All of Rodríguez's strengths, though, comes in a player with an uncommon amount of experience. She has been training with her national team since she was an 11-year-old. she debuted at senior level in 2008, has accumulated 70 caps, and has played in a World Cup. She was the MAC Hermann Trophy winner as collegiate soccer’s best player during her last year at Penn State, and in her first professional season (2016), she was the NWSL’s Rookie of the Year. Four years of NWSL experience feels between a lifetime and nothing, but the wealth of time Rodríguez put in to get to Penn State and Sky Blue makes her an especially experienced 26-year-old.

On top of all that is her pure availability. The paragraphs, above, may just feel like a post expounding on a new player’s qualities, and under the heading of that new player’s website, that expounding may feel hagiographical. Fair enough, but in all those qualities, Rodríguez does have undeniable value. Whether you feel that value is as high as I do, it is still rare that one midfielder be able to contribute in all those ways. Horan is another that fits those labels, and while it would be excessive to start, skill by skill, comparing Rodríguez and Horan, how many midfielders in the NWSL are truly that versatile? Form that list – and it won’t take long – and you see why Rodríguez was such a priority for Portland.
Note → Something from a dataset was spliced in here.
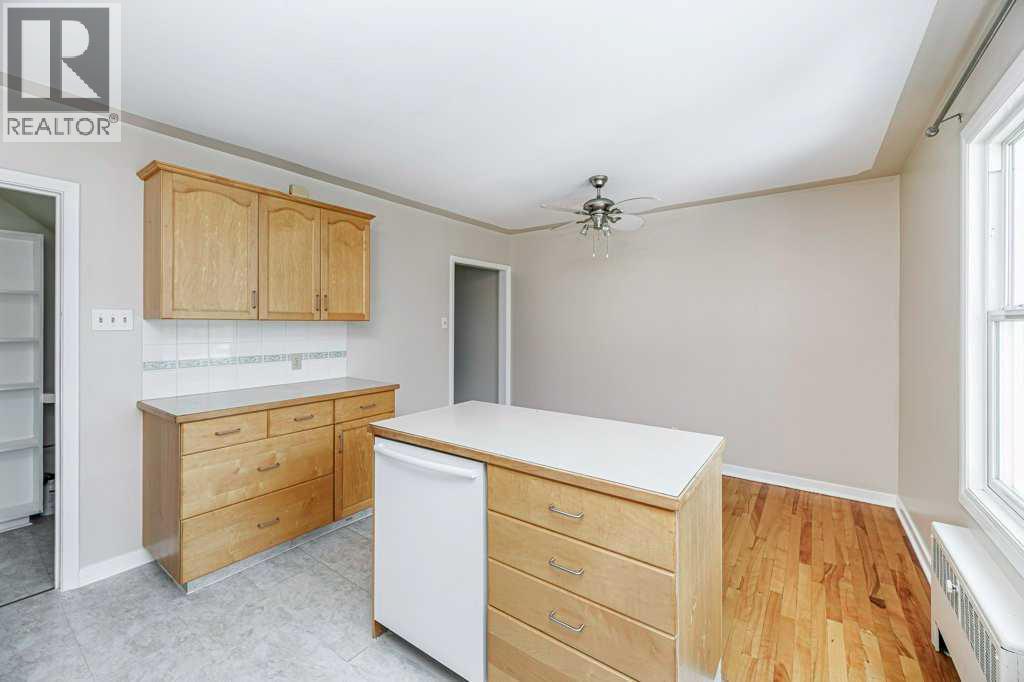 22 Poplar Crescent - Image 12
Those priorities, though, had two big costs, the first of which was Midge Purce. Purce’s place with the United States national team in Tampa, Florida, right now says everything you need to know about her value, but if more context is needed, now her eight goals in 2019 placed her in the NWSL’s top five in that category, a spot she achieved in her first full-time stint as a starting forward. Over the course of three years, the Harvard product has gone from a debut season in Boston to fighting for a spot at right back in Portland, to a player whose contributions at a different position (forward) were essential to her team’s ability to survive their World Cup absences. What's more, Purce’s steady, self-driven improvement makes it easy to imagine another significant step forward next season; and, after that, another.
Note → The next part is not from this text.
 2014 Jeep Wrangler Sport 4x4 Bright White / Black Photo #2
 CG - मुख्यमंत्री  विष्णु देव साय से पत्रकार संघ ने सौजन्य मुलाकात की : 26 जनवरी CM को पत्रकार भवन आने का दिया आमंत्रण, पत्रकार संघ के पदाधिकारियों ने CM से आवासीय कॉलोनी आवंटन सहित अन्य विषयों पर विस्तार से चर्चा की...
As much as Purce’s 2019 breakout was rightly celebrated, the underpinnings were slightly ignored. Because the 24-year-old’s potential had been evident since she debuted with Boston as a first-round draft pick in 2017, her eight-goal season was more exciting than surprising. But Purce didn’t enter her third campaign with any guarantees of playing time, and after working through early-season injuries, she had to win a place among Portland’s starters. Even after success during the team’s World Cup absences, a spot in the team’s XI wasn’t assured, with both Foord and Hayley Raso due back for the season’s most important months. Yet for most of that time, Purce retained her place in the team’s XI, and while Mark Parsons’ quest for late-season answers eventually changed his lineup, Purce deserves recognition for the battles she won. There were things she had to earn before earning her goals. All of those were testaments to her work.

That work, though, deserves an opportunity. She should get that at Sky Blue. Whether her national-team path means that opportunity is at forward or right back, those chances are more likely to come in New Jersey than Oregon. The Thorns are in a position where they have to make tough choices about players like Sonnett, Foord and Purce – players whose values allow them to acquire quality pieces that can reshape their roster. Sky Blue is in a position to use one of those pieces to acquire the potential of Purce.

Combine Purce’s value with that of a first-round pick, and Portland’s deal with Sky Blue marks the second big price the Thorns have paid today. At this point in the team’s success cycle, though, these are the costs that have to be paid. Some areas needed change. Other areas allow the team to deal from depth. In both cases, rare targets required steep prices to bring them to Portland.